Ob eine Mieterstromversorgung sinnvoll ist oder nicht, lässt sich in einem ersten Schritt mit einer Checkliste analysieren. Dabei geht es um eine einfache Bestandsaufnahme: Wie sieht die Strominfrastruktur im Gebäude aus? Wie viele Wohneinheiten gibt es im Gebäude oder sind geplant? Es geht hier aber auch um bereits bestehende oder geplante Erzeugungsanlagen.

Eine solche Bestandsaufnahme ist wichtig. Denn am häufigsten scheitern Mieterstromprojekte, weil zu wenig Leistung realisierbar ist, um ausreichend Strom selbst zu erzeugen und so eine effiziente Versorgung der Mieter und attraktive Amortisationszeiten für den Besitzer und den Anlagenbetreiber zu gewährleisten.

In Bestandsobjekten sind zum Teil sogar bereits gebaute Photovoltaikanlagen die größte Hürde. Denn sie können meist nicht in Mieterstromkonzepte integriert werden, vor allem wenn sie schon vor vielen Jahren installiert wurden.

Welchen Strom nutzen?

Denn dann ist die Einspeisevergütung so hoch, dass es für den Anlagenbetreiber attraktiver ist, den Strom weiterhin vollständig ins Netz einzuspeisen und dafür die Vergütung zu bekommen. In solchen Fällen muss auf das Auslaufen der Einspeisevergütung gewartet werden.

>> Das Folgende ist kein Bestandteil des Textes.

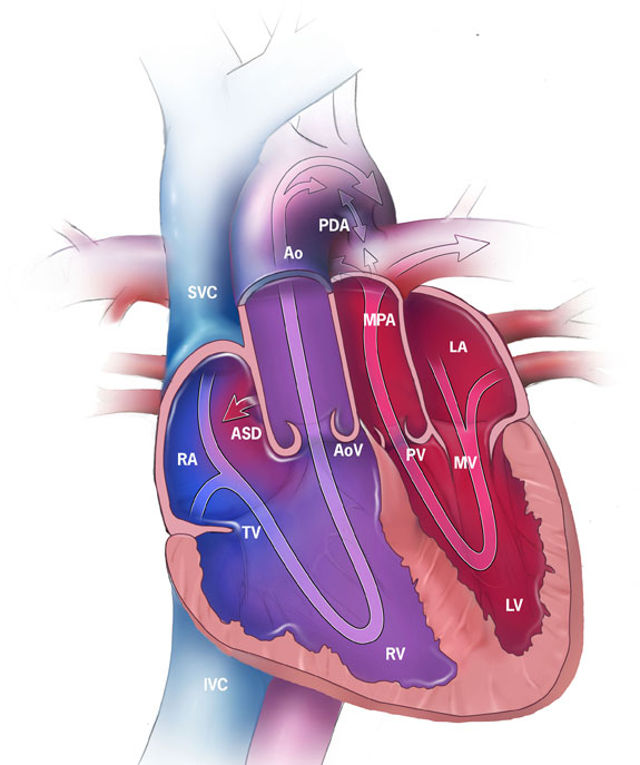 Arterial Switch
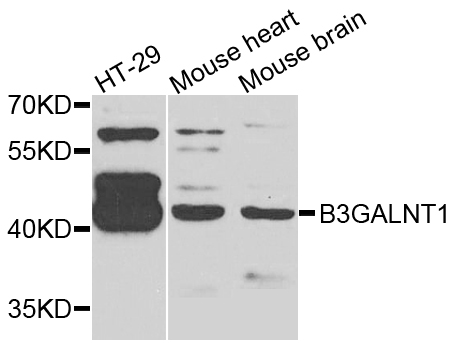 B3GALNT1 Antibody - Western blot analysis of extracts of various cells.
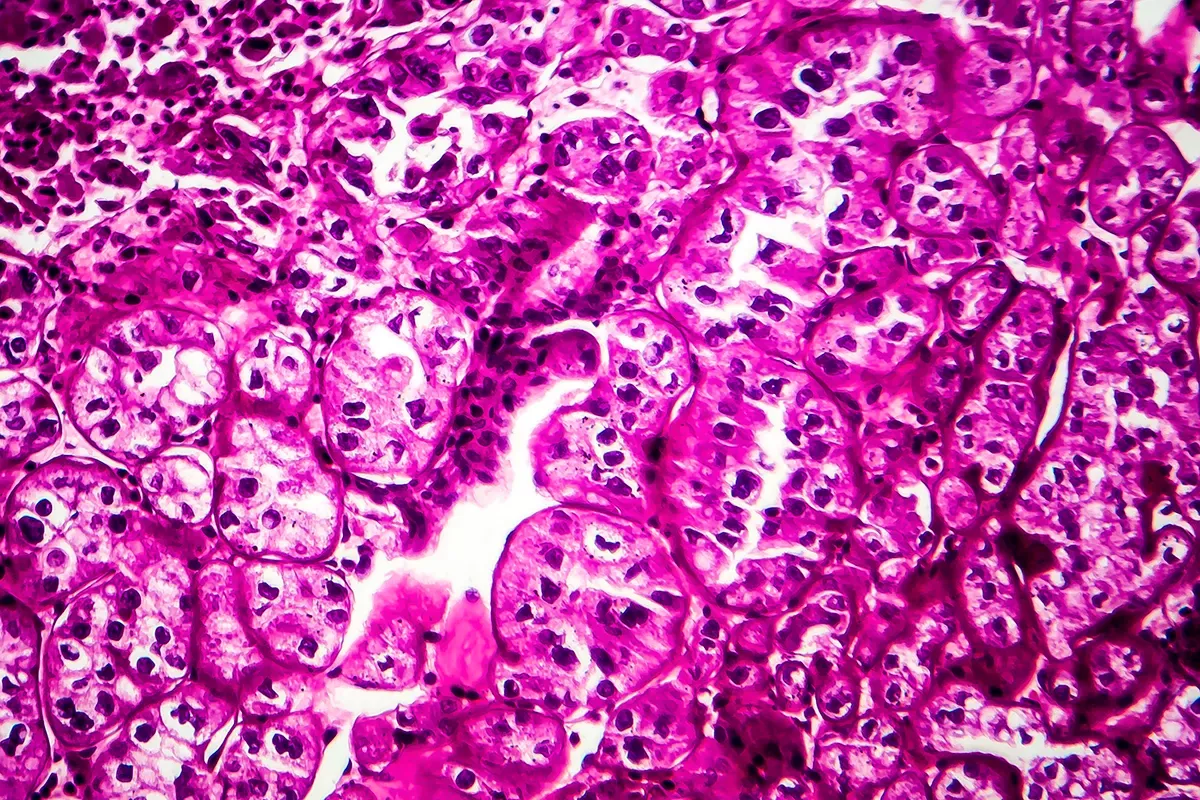 Tumeur du rein | Uropole 71 - Urologues à Chalon
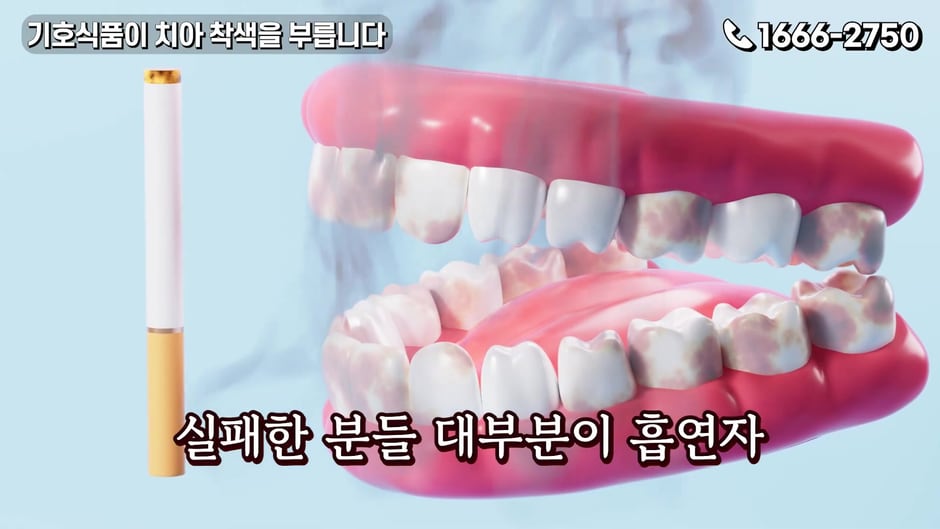 흡연으로 착색된 치아를 보여주는 그래픽 (영상 캡처)
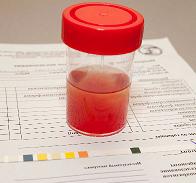 Причины крови в моче у мужчин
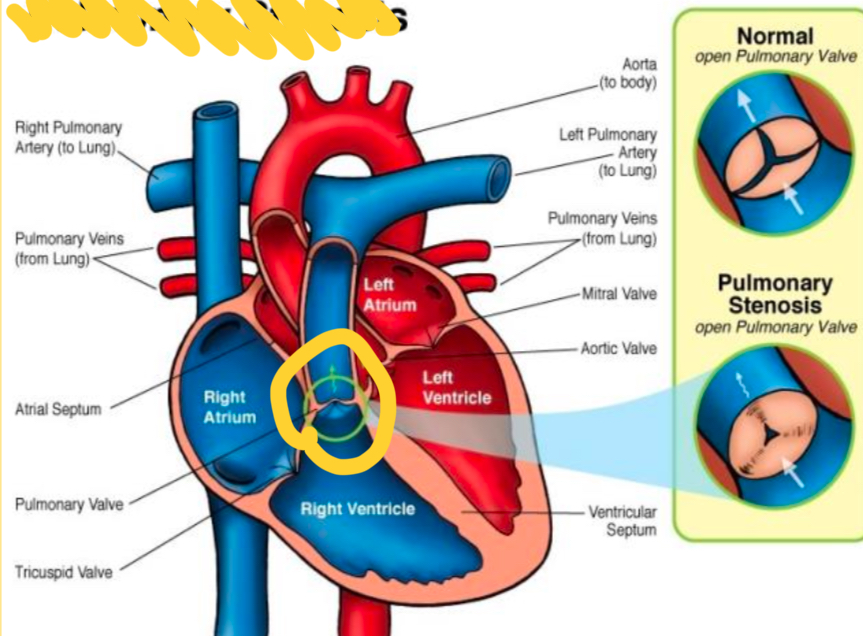 <p>narrowing of pulmonic valves that obstructs blood flow from the right ventricle toward the pulmonary arteries and lungs</p>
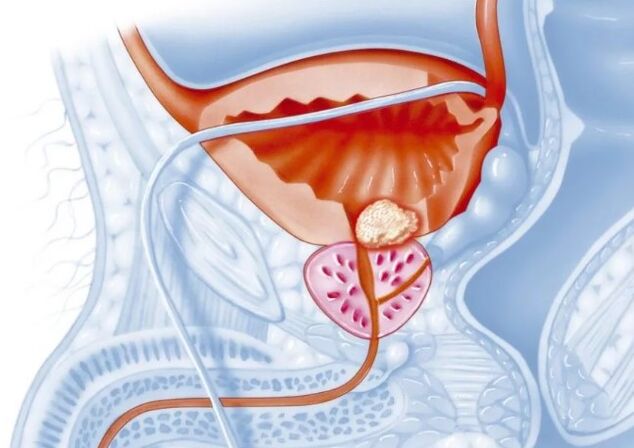 Características de la forma crónica de prostatitis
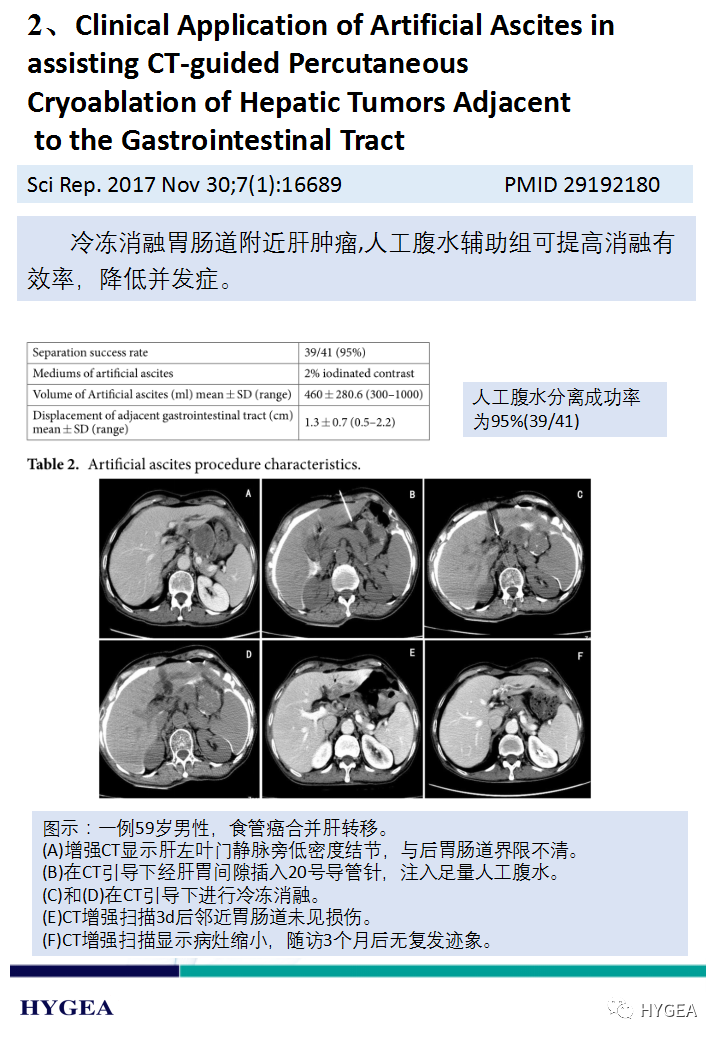 b2saC56d1QKClcokj4ZJmX8fhS3E8zKJiA9au3tR
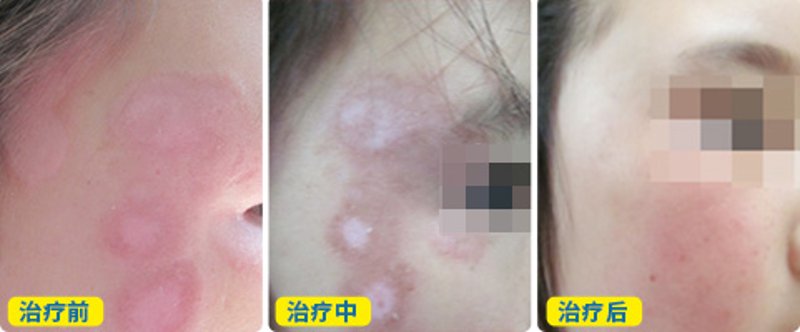 白癜风治疗费用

Verfügen Bestandsgebäude bereits über eine Photovoltaikanlage und soll diese um eine zweite Erzeugungsanlage ergänzt oder mit ihr zusammengeführt werden, dann reicht eine reine technische Integration nicht aus. Auch das neue Messkonzept muss zusammen mit dem Verteilnetzbetreiber überarbeitet werden.

Die zweite Erzeugungsanlage kann beispielsweise in einer vor- oder nachgelagerten Kaskade realisiert werden. Dazu wird ein Zwischenzähler installiert, der meistens ab einer Anlagenleistung von 30 Kilowatt als Wandlermessung ausgeführt werden muss.

Ab einem Jahresverbrauch von über 100.000 Kilowattstunden muss ein RLM-Zähler, das heißt eine registrierende Leistungsmessung, eingebaut werden, bei der alle 15 Minuten der Energieverbrauch erfasst wird. So kann beispielsweise bevorzugt Strom aus derjenigen Erzeugungsart genutzt werden, deren Eigenverbrauch sich im Einzelfall deutlich stärker rechnet als die Einspeisung ins öffentliche Netz.

Oft ist das bisher bei BHKW-Strom der Fall gewesen, kann sich aber im Zuge der Direktförderung von Mieterstrom zum Teil auch wieder ändern. Eine andere Möglichkeit ist die sogenannte gewillkürte Vorrangregelung.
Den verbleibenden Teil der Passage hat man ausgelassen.